American musician and member of the Cowsills (1954-2005)

Barry Steven Cowsill (September 14, 1954 – c. September 2, 2005) was an American musician, songwriter and producer. He was the bassist of the musical group The Cowsills, who had three top-10 singles in the late 1960s.

== Early life ==
Barry Steven Cowsill was born in Newport, Rhode Island to William "Bud" and Barbara Cowsill. He was the third youngest of seven children (Bill, Richard, Bob, Paul, Barry, John, Susan).

==Career==

=== The Cowsills ===
As a young teenager, Barry started as the drummer (and later became known as the bass player) of the band, The Cowsills. Initially formed by his brothers Bill and Bob Cowsill, the trio played popular tunes at local clubs, church benefits and parties.

The band introduced their younger brother John on drums and switched Barry to bass. The quartet were signed by Mercury Records. In 1966, they released three singles: "Most of All", "Party Girl", and "What's It Gonna Be Like". The band was dropped by Mercury, but they were discovered by Artie Kornfeld and signed to MGM Records.

By the late 1960s, the band expanded to include his mother Barbara, older brother Paul, and younger sister Susan. The Cowsills went on to churn out a string of hits (including the #2's "The Rain the Park and Other Things" and "Hair") before officially disbanding by 1972.

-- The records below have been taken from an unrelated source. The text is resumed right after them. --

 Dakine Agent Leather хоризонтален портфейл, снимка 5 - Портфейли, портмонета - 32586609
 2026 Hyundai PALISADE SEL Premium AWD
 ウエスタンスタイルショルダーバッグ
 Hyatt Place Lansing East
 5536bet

On the 1970 Cowsills' biblical-themed studio album, II x II, Barry sang lead vocals on the opening track, originally written by Bill Cowsill. He also sang lead on his first song written, an acoustic composition titled "Don't Look Back", inspired by Crosby, Stills and Nash. On the track "The Prophecy Of Daniel And John The Divine", Barry is heard speaking and reciting a passage. The song's verses was inspired and taken from The Bible's Book of Revelation.

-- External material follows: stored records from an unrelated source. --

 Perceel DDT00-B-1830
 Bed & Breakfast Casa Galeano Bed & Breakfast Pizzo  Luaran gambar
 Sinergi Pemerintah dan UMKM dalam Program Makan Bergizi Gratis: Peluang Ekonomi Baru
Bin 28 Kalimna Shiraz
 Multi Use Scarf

On the 1971 Cowsills' studio album, On My Side, Barry sang lead and composed two acoustic tracks "Dover Mine" and "Down On The Farm", and also had featured lead vocals on "Good Ole Rock & Roll Song".

In 2000, all members of the Cowsills participated in a reunion concert at The Taste of Rhode Island Festival, including Barry, Bill and Richard Cowsill, who previously were not involved in the 1998 Cowsill's album Global.

=== Bridey Murphy ===
In 1974, the band Bridey Murphy was formed with Waddy Wachtel, Bill, Barry and Paul Cowsill and (briefly) Lindsey Buckingham. They released one single in 1974 "The Time Has Come" backed with "Be Your Mother's Son" on Capitol.

=== Solo ===
Throughout his life, he continued to play music and participated in various post-heyday incarnations of the Cowsills. He idolised Mick Jagger and Keith Richards of the British band The Rolling Stones, and took on personas.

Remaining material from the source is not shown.